Above are just some of the most common ways stress can affect us if left unchecked. Below are some tools and tips to help us manage our stress and hopefully think more about having a better work-life balance.
- Deep breathing- probably the most simple and effective way to control your stress and calm down in the moment. Slowly take a deep breath in through the nose to the count of 4, pause and then breath out nice and slowly through the mouth (as if you are blowing out of a straw) to the count of 4. Repeat as many times as required. You can practice deep breathing anywhere at any time.
- Affirmations- The dictionary definition of an affirmation is declaring to be true. Affirmations are a way to harness positive thinking. What we think we become. First, notice or identify any negative self-talk that is often in your thoughts.Create an affirmation from this by transforming it into a positive statement for e.g., change I can’t cook to I’m getting better at cooking! If you say an affirmation long enough your brain will start to believe it. Affirmations can also be used in relation to work. If you have had a hard day, try to think of the positives and focus on them. Affirmations you could use are things like “I tried my best today”, “I made a difference today”. A good way to start your day is with a positive affirmation in the morning.
- Goal setting- Setting realistic goals is a great way to keep you motivated and trying your best, whether it's personal or professional goals. Breaking goals down into small manageable chunks makes them seem more manageable.
- Be positive- Let go of anger, let go of worry, be grateful, accept things you cannot control and take control of your decisions. letting go of anger and worry lifts some stress from your life and helps you see things from a more positive perspective. being grateful shows you how much you have in life to be thankful for, even when you are not having the best day, showing gratitude and thanks can lift your mood. by accepting things, you cannot control you are relieving yourself of the stress of trying to fix it or control it. and by taking control of your decisions and being proactive, you are actively deciding to take charge of your life and what happens.

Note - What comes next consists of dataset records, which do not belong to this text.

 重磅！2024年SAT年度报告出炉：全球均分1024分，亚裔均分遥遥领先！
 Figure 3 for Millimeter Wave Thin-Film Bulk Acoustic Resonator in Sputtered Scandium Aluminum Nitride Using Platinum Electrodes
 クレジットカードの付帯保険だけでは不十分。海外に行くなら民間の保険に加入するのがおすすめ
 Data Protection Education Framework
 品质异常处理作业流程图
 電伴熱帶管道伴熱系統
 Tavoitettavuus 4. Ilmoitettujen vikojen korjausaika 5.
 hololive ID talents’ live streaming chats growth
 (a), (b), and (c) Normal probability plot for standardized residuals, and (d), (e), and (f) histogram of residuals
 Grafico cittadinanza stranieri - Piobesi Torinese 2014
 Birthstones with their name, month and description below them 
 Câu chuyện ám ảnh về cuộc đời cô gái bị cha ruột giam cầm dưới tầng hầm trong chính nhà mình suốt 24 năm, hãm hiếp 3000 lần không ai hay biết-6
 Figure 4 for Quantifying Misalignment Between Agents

- Be mindful- Mindfulness is the state of knowing what is going on inside and outside of your body in that moment and giving it your full attention by being present in the moment. recognising your thoughts and feelings in the moment helps you to be better connected with yourself and others. By making the decision to be mindful and present in the moment you will start to enjoy life better and form better relationships. mindfulness isn't about clearing your mind; it's about recognising your mind has drifted and that that’s ok then bringing your attention back to the present moment.
- Feed your body well- diet is important, make sure you are feeding your body with everything it needs, drinking plenty of water and making sure you eat nice nutritious meals. feeding your body well isn't just about what you eat and drink, it's also about what we put in mentally, what are we watching on tv? What are we looking at on social media? All of this can also add stress to our lives.
- List writing or Calander- being organised makes you more productive. making a to-do list helps you to priorities tasks and makes it easy to see what you must do, also ticking stuff off your list when finished can be very therapeutic. Keeping a to-do Calander allows you to plan what needs to be done and when. it allows you to plan to use a timescale showing what you will work on or do at a certain time, and having it planned like this can make it easier to stick to and can make tasks look more manageable when you see working times for each task written down. By planning you free up some time which can be used to do something you love.
- It's ok to say no-you shouldn’t feel pressured into agreeing to anything, give yourself permission to put yourself first and do what you want to do.
- Leave work at work. Give yourself permission to leave work when you finish. Turn off email notifications until you are back working and every day make the conscious decision to leave thoughts of the working day in work and don’t dwell on the day when you finish. Instead, enjoy spending your time doing something for yourself instead of thinking about work.